START Supplied data

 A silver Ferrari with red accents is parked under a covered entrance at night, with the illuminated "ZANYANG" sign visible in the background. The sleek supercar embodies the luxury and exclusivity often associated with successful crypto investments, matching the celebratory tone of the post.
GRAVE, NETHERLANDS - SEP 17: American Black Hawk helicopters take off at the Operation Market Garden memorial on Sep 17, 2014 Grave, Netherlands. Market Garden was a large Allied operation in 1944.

END Supplied data
START Supplied data

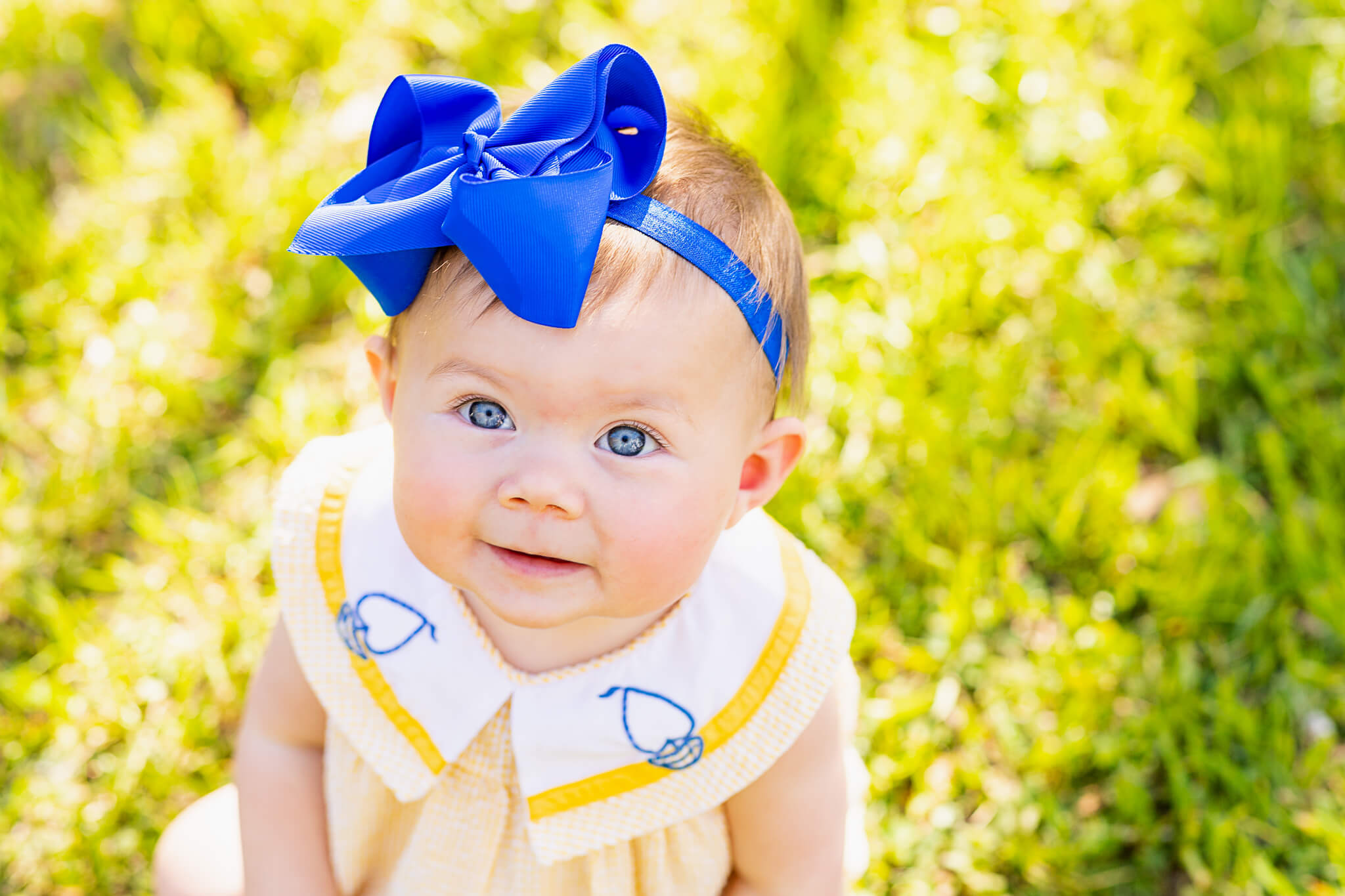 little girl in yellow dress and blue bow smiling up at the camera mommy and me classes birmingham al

END Supplied data

• _Your task_: In the entries above, find the line with "A silver Ferrari" and the line with "GRAVE, NETHERLANDS - SEP", then restate word for word both of them and every line between, with nothing more.

• _Solved problem_:
 A silver Ferrari with red accents is parked under a covered entrance at night, with the illuminated "ZANYANG" sign visible in the background. The sleek supercar embodies the luxury and exclusivity often associated with successful crypto investments, matching the celebratory tone of the post.
GRAVE, NETHERLANDS - SEP 17: American Black Hawk helicopters take off at the Operation Market Garden memorial on Sep 17, 2014 Grave, Netherlands. Market Garden was a large Allied operation in 1944.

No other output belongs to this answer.